------ COLLECTED MATERIAL

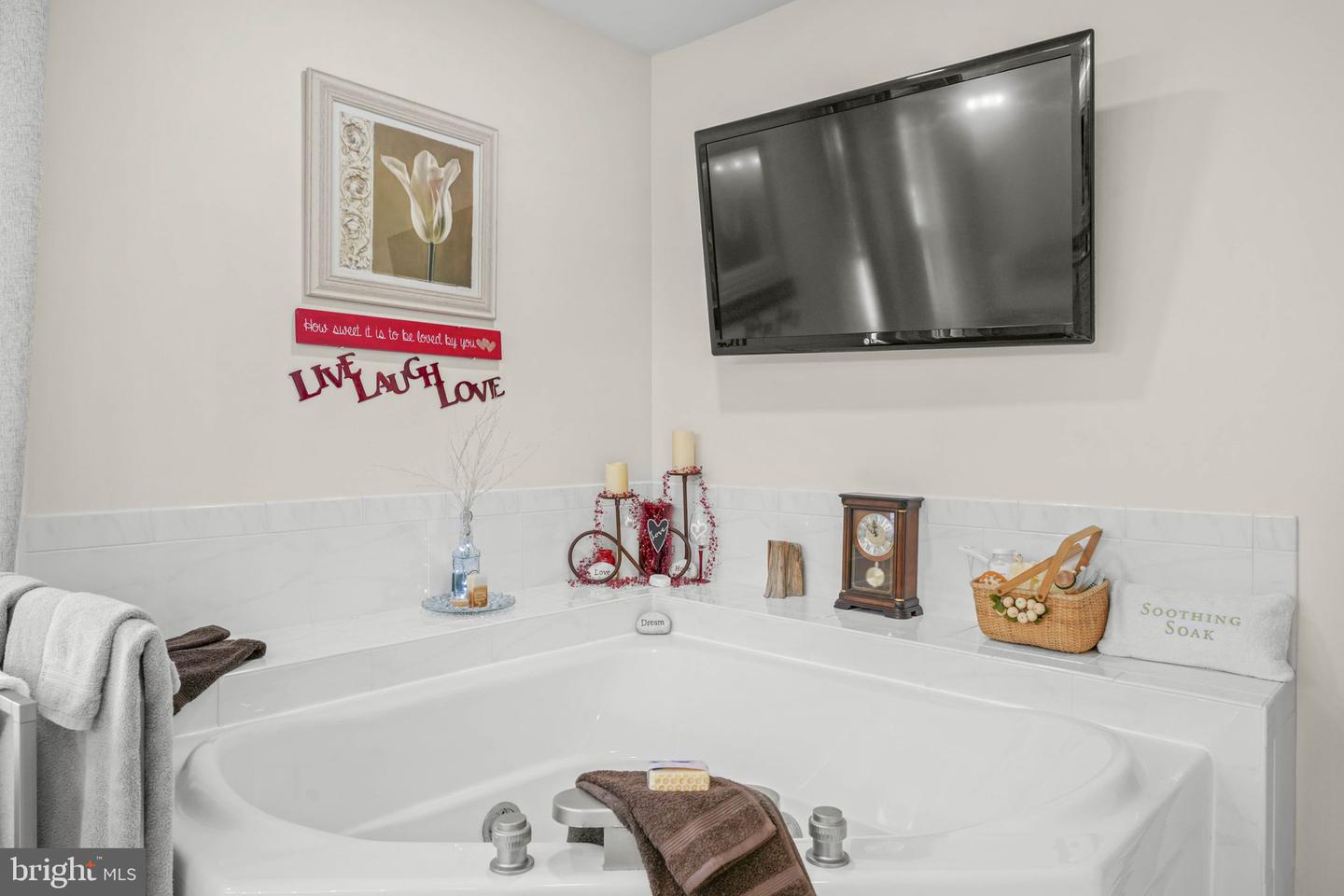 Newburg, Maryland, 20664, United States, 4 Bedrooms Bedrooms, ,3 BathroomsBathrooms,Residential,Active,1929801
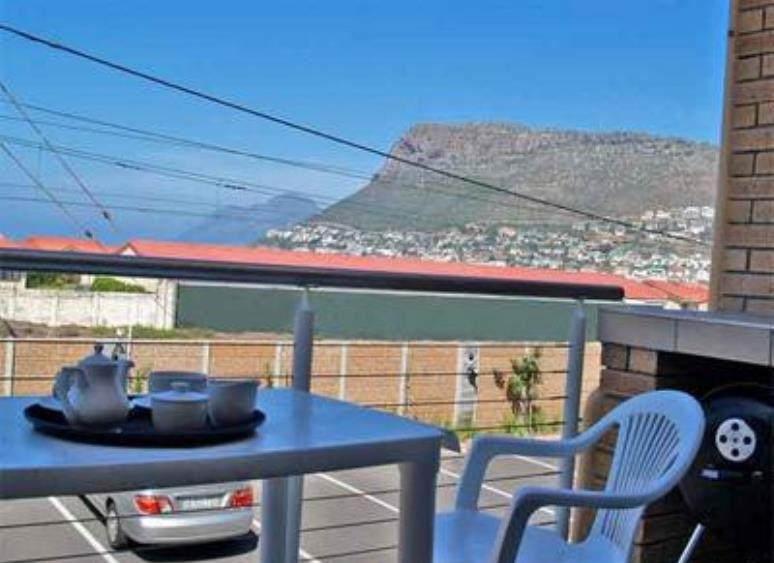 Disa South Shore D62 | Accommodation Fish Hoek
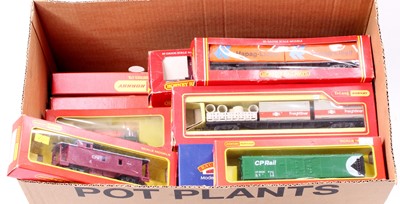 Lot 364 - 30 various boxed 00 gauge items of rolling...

------------

- WHAT TO WORK ON: Return all the data exactly, pictures omitted.

- RESULT FOR THIS EXERCISE:
 Newburg, Maryland, 20664, United States, 4 Bedrooms Bedrooms, ,3 BathroomsBathrooms,Residential,Active,1929801
 Disa South Shore D62 | Accommodation Fish Hoek
 Lot 364 - 30 various boxed 00 gauge items of rolling...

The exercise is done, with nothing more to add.